An Addition to the ‘Do Not Date’ List
Posted on | November 2, 2023 | Comments Off on An Addition to the ‘Do Not Date’ List
Say hello to Gigi Chapman of Manchester, England. Probably some readers are saying, “Why must I put Gigi’s name on my ‘Do Not Date’ list? She’s thousands of miles away, on the other side of the ocean.” Trust me, friends, there is no such thing as too careful in this case. Gigi has an Instagram page that you probably don’t want to see — don’t say I didn’t warn you — as well as an OnlyFans (!!!) and she seems devoted to the “swingers” lifestyle. Some people might be so lonely and desperate as to be tempted to investigate this “lifestyle,” and who knows? After a drink or two — or seven or eight — maybe you’d be in such a mood as to say to yourself, “Gosh, that 230-pound woman over there seems kind of nice.”
Far be it from me to judge people on what they might do under the influence of loneliness, desperation and seven or eight drinks. But I am here to warn you lonely fellows — as I say, you can’t be too careful — to enter the name Gigi Chapman on your “Do Not Date” list.

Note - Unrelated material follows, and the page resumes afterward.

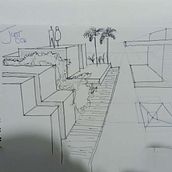 Mi proyecto del curso: Introducción al dibujo arquitectónico a mano alzada. Architecture, and Architectural Illustration project by Ivan Cabañas - 12.25.2023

You should take my word about this, but probably some readers — O, ye of little faith! — may wonder what merits this strong warning. Trust me when I say, you don’t want to know the answer to that question.
But of course, if you trusted me, you would have just done what I told you to do, added Gigi’s name to your “Do Not Date” list, and moved on. But no, you self-important skeptical types think you deserve more information, and insist on knowing what Gigi has done to deserve this. And in response to your persistent inquiries, I can only answer with a question: “Can you handle it?” Are you sure you want to know?
I’ve been in this racket long enough to understand my responsibilities as a professional journalist, and if I consulted my attorney, Bert the Samoan Lawyer, he’d probably tell me I’m in the clear. Having warned you in advance, I bear no liability for whatever psychiatric trauma you may suffer, if you ignore my advice. WARNING: Whatever you do . . .
Intelligent readers always trust my advice. And meanwhile, the less-intelligent readers are frantically clicking my Amazon links trying to order a case of brain bleach, hoping to erase the horrific mental image which, by their foolish choice, they now can never forget.
Not my fault. Bert the Samoan Lawyer’s got me covered.